From an article by an NYU sociologist man-feminist:
"It's bad out there. That we know. But amid the economic wreckage, there is a bright spot for women. The Lilly Ledbetter Fair Pay Act -- enabling women and other workers to sue for wage discrimination -- was the first piece of legislation President Obama signed. And a parsing of the grim economic statistics shows that recent layoffs have disproportionately hit male-dominated industries. We have reached a milestone of sorts: Women may be poised to outnumber men in the labor force."
Let's take a deeper look at this article, shall we? Lots of hoopla about the Lilly Ledbetter Fair Pay Act, and how it had righted some kind of cosmic wrong perpetrated against women in the workforce. This is a fiction, and it needs to be addressed. Lilly Ledbetter sued under a provision of the Equal Employment Opportunity Act in which there was a statute of limitation of sorts on how long after the acts occurred in which one can sue. Where did that limit come from? Well, it came from the Congress, who wrote the law. Ms. Ledbetter could have sued under a different provision of the EEOA and not had the ticking clock provision. But she and her incompetent lawyers insisted on suing under the article inappropriate to her case. She lost in virtually every venue including the US Supreme Court. The Supreme Court did in fact speak to some of the negative impact to business should they overturn the law, but the bulk of their finding was that 1) congress wrote the law 2) congress thought about what they wrote before they passed it and 3) their job is to interpret the law, not write it (novel view, huh). They basically told Congress to change their law...this Congress did, and now we have the Lilly Ledbetter Act that all the world thinks is so important and wonderful.
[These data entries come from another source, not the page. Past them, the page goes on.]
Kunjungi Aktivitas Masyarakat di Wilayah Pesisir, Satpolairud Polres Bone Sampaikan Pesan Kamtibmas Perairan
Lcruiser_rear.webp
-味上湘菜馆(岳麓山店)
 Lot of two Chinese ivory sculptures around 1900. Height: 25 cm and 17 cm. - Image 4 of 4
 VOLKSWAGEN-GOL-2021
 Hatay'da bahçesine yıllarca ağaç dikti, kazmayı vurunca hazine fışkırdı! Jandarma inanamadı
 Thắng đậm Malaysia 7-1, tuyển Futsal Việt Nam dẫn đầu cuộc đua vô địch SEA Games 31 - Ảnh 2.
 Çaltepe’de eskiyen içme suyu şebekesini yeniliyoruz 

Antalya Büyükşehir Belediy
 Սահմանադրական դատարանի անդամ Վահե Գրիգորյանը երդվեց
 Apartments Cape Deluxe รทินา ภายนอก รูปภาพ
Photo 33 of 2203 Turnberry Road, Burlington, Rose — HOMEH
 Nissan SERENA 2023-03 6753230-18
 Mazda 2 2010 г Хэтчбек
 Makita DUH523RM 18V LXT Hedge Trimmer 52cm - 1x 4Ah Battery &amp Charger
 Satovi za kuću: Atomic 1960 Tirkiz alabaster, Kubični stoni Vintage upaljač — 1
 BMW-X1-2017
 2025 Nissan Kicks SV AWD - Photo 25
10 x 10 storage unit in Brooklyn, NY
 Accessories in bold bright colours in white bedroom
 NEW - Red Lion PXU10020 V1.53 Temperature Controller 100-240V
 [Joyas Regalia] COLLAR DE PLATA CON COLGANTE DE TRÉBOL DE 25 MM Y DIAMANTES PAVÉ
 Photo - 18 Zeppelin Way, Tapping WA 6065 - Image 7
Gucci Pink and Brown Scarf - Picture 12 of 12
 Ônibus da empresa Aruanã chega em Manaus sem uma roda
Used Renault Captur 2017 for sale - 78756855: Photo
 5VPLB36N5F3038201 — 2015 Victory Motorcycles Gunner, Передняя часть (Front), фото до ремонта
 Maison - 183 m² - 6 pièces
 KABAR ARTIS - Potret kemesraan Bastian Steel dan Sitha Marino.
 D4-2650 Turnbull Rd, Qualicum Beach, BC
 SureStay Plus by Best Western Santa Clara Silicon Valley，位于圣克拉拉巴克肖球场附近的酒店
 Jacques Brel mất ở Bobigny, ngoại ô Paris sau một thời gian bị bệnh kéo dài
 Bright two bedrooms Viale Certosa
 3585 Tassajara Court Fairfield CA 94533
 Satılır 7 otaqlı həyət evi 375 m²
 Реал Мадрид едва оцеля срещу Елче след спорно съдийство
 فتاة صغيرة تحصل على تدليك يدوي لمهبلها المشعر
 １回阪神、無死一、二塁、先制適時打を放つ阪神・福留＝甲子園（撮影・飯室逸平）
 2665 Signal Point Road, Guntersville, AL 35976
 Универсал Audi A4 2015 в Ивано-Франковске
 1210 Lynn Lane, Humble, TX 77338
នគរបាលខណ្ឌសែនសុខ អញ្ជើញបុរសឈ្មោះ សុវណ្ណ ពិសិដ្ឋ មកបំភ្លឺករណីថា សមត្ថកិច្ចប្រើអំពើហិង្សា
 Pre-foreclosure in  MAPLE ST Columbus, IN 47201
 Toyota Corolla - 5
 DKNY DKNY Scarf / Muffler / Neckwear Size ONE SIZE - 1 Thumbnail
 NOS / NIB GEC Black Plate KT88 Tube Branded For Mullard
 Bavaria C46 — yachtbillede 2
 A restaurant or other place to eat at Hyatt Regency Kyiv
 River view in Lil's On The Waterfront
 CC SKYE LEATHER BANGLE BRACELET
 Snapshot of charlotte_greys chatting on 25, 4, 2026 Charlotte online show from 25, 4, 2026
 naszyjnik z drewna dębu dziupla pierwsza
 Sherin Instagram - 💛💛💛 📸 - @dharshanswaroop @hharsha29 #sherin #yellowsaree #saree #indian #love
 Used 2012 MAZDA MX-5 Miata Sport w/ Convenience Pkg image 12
Let's move on now to the rest of the article. Just what is it exactly this guy is trying to bring our attention to? Oh yeah---a widening gap in income between those at the top and those at the bottom. Right. But why again, is that meaningful or important? What does ills does this bring along with it? If the lot of those at the bottom is improving--and it is--then what difference does it make how those at the top are doing? The line that "the increasing pressures put on the marketplace by the rich -- bidding up the price of housing and education, for example -- means that most middle-class couples probably need two incomes also, even just to keep a roof over their heads" is classic class warfare. Middle income families don't need two incomes to put a roof over their heads...they need two incomes to put a roof over their heads with six burner stoves, hardwood floors and 2800 square feet, not to mention a garage to park their SUV with "Hope and Change" stickers on it. Oh and don't forget the Wii/Play station/ or whatever video game it is that was purchased to keep their precious children in the house, rather than outside running around and burning off their growing fat.
Rich people aren't bidding up the price of education...the price of education is being bid up by the ubiquitous sense that everyone has to go to college, and that it is the government's job to provide the money to do so. Increases in availability of college money causes college tuition to rise. Pure and simple.
"These are tall tasks, but if we don't do something to cushion the effects of the social sorting taking place across households, families will continue to face more and more stress." Stress? What stress? Poor people in this country used to be HUNGRY! Where is hunger as an issue? What percentage of the people in this country living below the poverty line do you suppose have a 1) refrigerator 2) multiple color TV's 3) a car or two 4) air conditioning 5) indoor plumbing 6) cable tv? The answers would astound you. The entrance of women large-scale into the workforce has raised our nation's standard of living, and this fellow wants us to address the stress? C'mon. I suppose this is what passes for social science at NYU these days.